As a service to Money Morning readers, we are providing the Federal Reserve FOMC meeting schedule.
The U.S. Federal Reserve's Federal Open Market Committee (FOMC) is a 12-member board within the Federal Reserve system that meets eight times a year to set policy.
In addition to the regularly scheduled meetings, the FOMC can call other meetings as needed. The minutes of a regularly scheduled FOMC meeting are released three weeks after the date of the policy decision.
What's So "Open" About the Federal Open Market Committee?
Don't you just love how some things are named?
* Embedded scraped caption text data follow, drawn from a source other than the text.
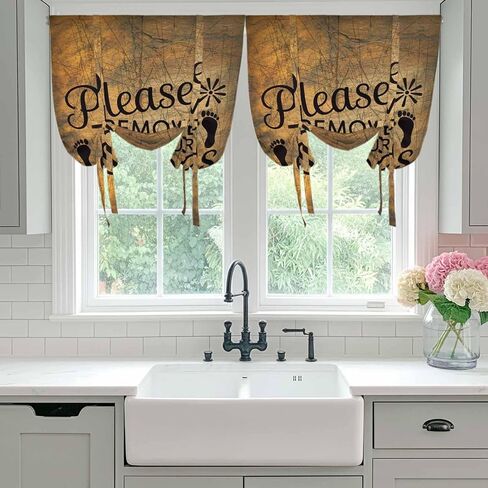 Please Remove Your Shoes Tie Up Curtains for Window, Farmhouse Brown Wooden Grain Thermal Insulated Balloon Shade Adjustable Rod Pocket Curtains Valance Panels for Kitchen Bathroom Café 52'' x 45'' in Saudi Arabia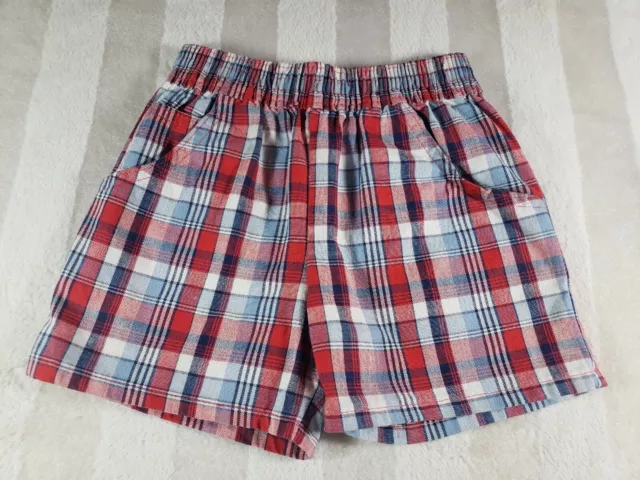 Vintage Oshkosh B'Gosh Boys 3T Red White Blue Plaid Shorts Made In USA 1980s EUC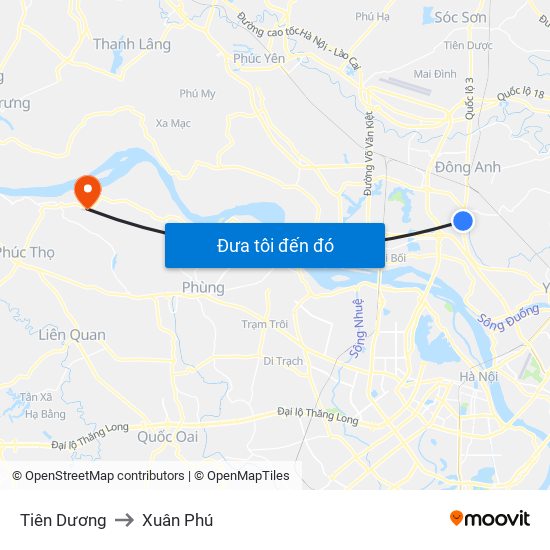 Tiên Dương to Xuân Phú map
Like the Federal Reserve System, for instance. It's a central bank that was conceived in the private study of a private hunting lodge on a private island by a bunch of private bankers who didn't want to use the word "bank" in its name to fool taxpayers who thought it was a "system" to safeguard the public... from the very bankers who conceived it.
I don't know about you, but the feeling of safety I have is just overwhelming... NOT.
Then there's the Federal Open Market Committee (FOMC). That's a committee of top plotters that meets in private to discuss what's going on in "free" markets so they can figure out how to manipulate them.
The Open Market Committee, or the Old Boys Club (they have a woman on the committee, but she's just a token "dove" who plays "Follow the Beard"), meets today and Wednesday to check on how their manipulations have stopped unruly free markets from sinking the banks that secretly run the Fed (you know it's not a secret, but there are a whole lot of taxpayers who don't).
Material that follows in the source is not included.